Mississippi has the distinction of being the only W.C. Fields film with a score by Richard Rodgers and Lorenz Hart. It is also the only film in which Fields co-starred with Crosby. Photographed by Charles Lang, the film featured art direction by Hans Dreier and Bernard Herzbrun and was edited by Chandler House. The sound man was Eugene Merritt. The original running time of this black-and-white film was 80 minutes. The film has been released on VHS and DVD as part of the W.C. Fields Collection in the United Kingdom.
Commodore Jackson (W. C. Fields) is the captain of a Mississippi showboat in the late nineteenth century. Tom Grayson (Bing Crosby) is engaged to be married and has been disgraced for refusing to fight a duel with Major Patterson (John Miljan).
Accused of being a coward, Grayson joins Jackson's showboat. Over the duration of the film, the behavior of the meek and mild Tom Grayson alters as a consequence of the constant representation of him, by Commodore Jackson, as "The Notorious Colonel Steele", "the Singing Killer", and the constant attribution, by Jackson, of duelling victories by Grayson to unrelated corpses freshly dragged from the river beside the showboat as "yet another victim of the notorious Colonel Steele, the Singing Killer".

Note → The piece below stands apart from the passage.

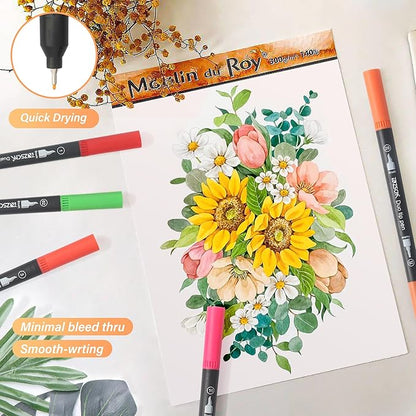 ZSCM Duo Tip Brush Coloring Pens,60 Colors Art Markers,Fine Brush Tip Pen for Adults Coloring Book Journals Planner Writing Drawing Note Taking, Include Brush Lettering Calligraphy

The film provides sufficient opportunities for Crosby to sing the Rodgers and Hart songs, including the centerpiece number, "Soon", while Fields gets to tell some outlandish stories. Crosby and Fields worked well together and there is one memorable scene in which Fields tries to tell Crosby how to act tougher. In the film, Crosby performs a number of sight gags involving a chair and a bowie knife. Another highlight is Fields' story about his exploits among one notorious Indian tribe.
There were two previous Paramount film versions of Booth Tarkington's play, Magnolia. The first in 1924 filmed as a silent under the title The Fighting Coward starred Cullen Landis, Phyllis Haver, Mary Astor, Ernest Torrence and Noah Beery, Sr. The second version released in 1929, as River of Romance;[2] in early talkie and in silent editions, starred Buddy Rogers, Wallace Beery, Fred Kohler, Mary Brian, June Collyer and Henry B. Walthall. Fred Kohler reprises his Captain Blackie here from the 1929 film.
Crosby recorded his songs commercially for Decca Records as well. "Soon" and "It's Easy to Remember" both topped the charts of the day.[7] His songs were included on the Bing's Hollywood series.